Our endeavors in the area of work and the economy draw heavily on the resources that come with being situated within a flourishing university. In particular, our partnerships with the Seattle Pacific University (SPU) Library and the School of Business, Government, & Economics provide a rich setting for students and faculty to explore the intersection of Christian discipleship and the common good. In this article, we highlight two recent developments: a major new addition to the Work and Faith Collection in the Library and a new unit on work and the economy in a required seminary course.
The SPU Work and Faith Collection was birthed in 2008, with the donation of Pete Hammond’s vast array of books and other resources. These materials examine the intersection of Christian faith with work, economics, business, the professions and vocation. In 2017, the collection received a significant addition as business leader Bill Pollard donated a large collection of internal papers and speeches. These documents give researchers the opportunity to explore Pollard’s lifelong aim of integrating Christian values in a business setting. The Pollard papers are arranged around seven primary topics, including the responsibility of leadership, the role of the firm as a moral community, and business as a calling.

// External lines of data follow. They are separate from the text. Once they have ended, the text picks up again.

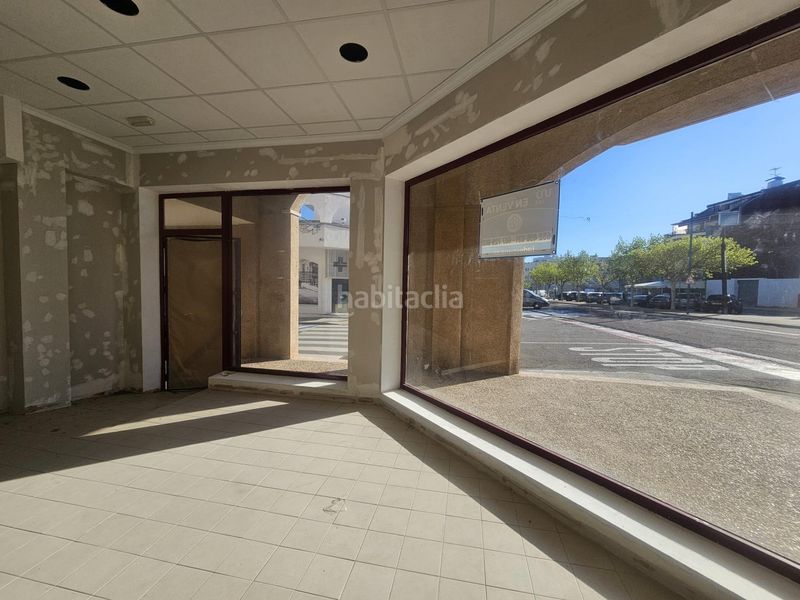 Foto de4515f5-9aa3-4fef-aa92-3d854b02b1db. Local comercial venta local esquinero en la rapita en La Ràpita
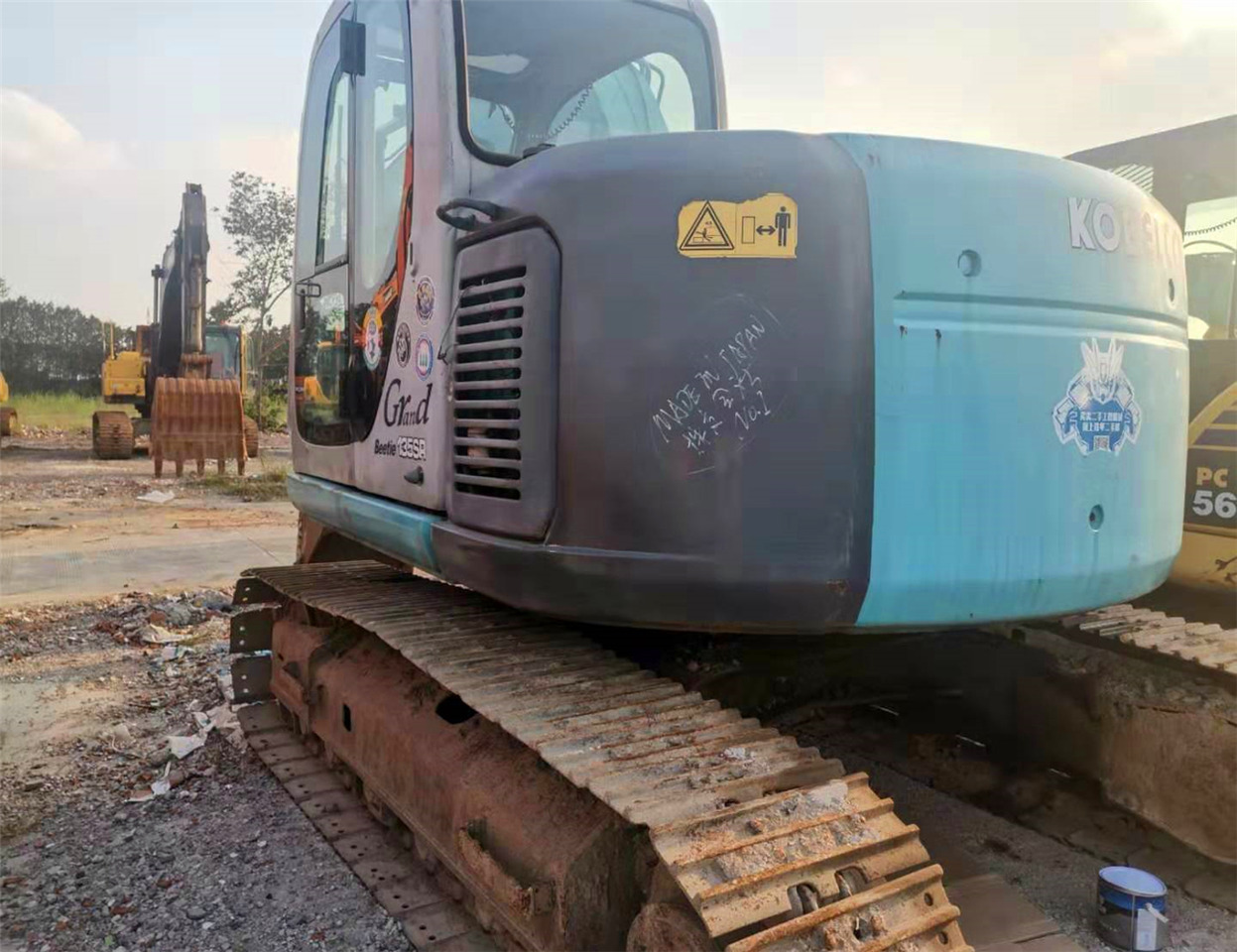KOBELCO Crawler Excavator SK135 - حفارات زحافة: صور 5 KOBELCO Crawler Excavator SK135 - حفارات زحافة: صور 5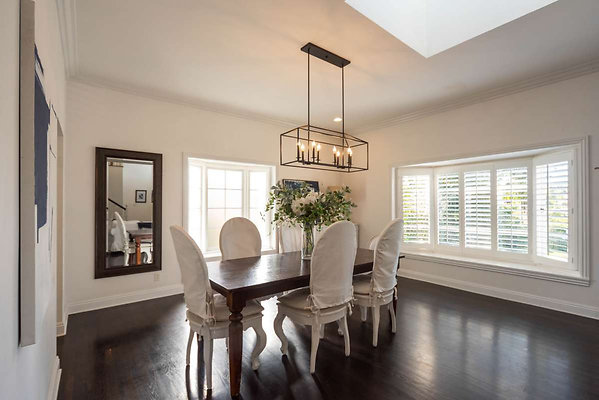 13226 dining 1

One key initiative enabled by the donation of the Pollard papers is a new research program. The Bill Pollard Faith and Business Research Fellowship will bring three scholars to the SPU campus in the summer of 2018 to pursue an original research project related to the content of the papers. One of these scholars will be invited back to campus in 2019 for a presentation of the research to a group of faculty and fellows in SPU’s Center for Integrity in Business.
One of the Pollard Fellowship recipients is SPS Professor of Dogmatic and Constructive Theology Daniel Castelo. His work with the collection this summer will focus on two main areas. First, he will explore the notion of management as a liberal art. In particular, he will consider the distinct contributions the liberal arts have to play in developing leaders that can make complex decisions while attending to a Christian account of personhood, creation and human flourishing. Second, Castelo will examine the formative and de-formative capabilities of business culture. He is especially interested in the ways companies in various cultures think of their collective lives and the moral impact of these various understandings. We are encouraged by the opportunities that the Work and Faith Collection, and the Pollard papers in particular, will provide our students and faculty.
A second significant recent development is a new unit in our core curriculum. The unit is part of the class “Vocational Discernment and Discipleship,” which is now required in all degree programs at SPS. This class explores the theology of vocation, the relationship of work and calling, discernment for individuals and communities, and the holistic nature of discipleship. While the course was an original part of the SPS curriculum and was traditionally offered bi-annually, it is now offered every year.
The Vocational Discernment and Discipleship course now involves a standard unit on work and the economy. The aim is to prepare students to model and promote daily work as a central dimension of faithful stewardship in the communities they lead. The particular components of this unit will vary from year to year. The Spring 2018 offering, for example, includes Tom Nelson’s Work Matters: Connecting Sunday Worship to Monday Work as a required text. Students will write reflection papers on this text that focus on making these connections in congregations, non-profit organizations and other ministries they may serve. The class will also benefit from the resources of the Oikonomia Network partnership, such as the video talks offered through the Economic Wisdom Project.
While the Vocational Discernment and Discipleship class is a natural curricular home for faith and work exploration, it is certainly not the only contact point. In Autumn 2018, SPS will offer its Theology and Business Integration Seminar. This class serves as a capstone for our M.A. in Business and Applied Theology program, integrating students’ seminary coursework with their work in the School of Business, Government and Economics. Additionally, in Summer 2018, students can take the SPS course in Christian Social Entrepreneurship and Church Planting. As part of this course, students will develop a workable social venture business plan to apply their learning directly to a particular faith community.
These are just a few examples of SPS coursework that is oriented toward the student outcome goals of the Oikonomia Network. We are encouraged by these developments and we look forward to cultivating this ongoing partnership with the network.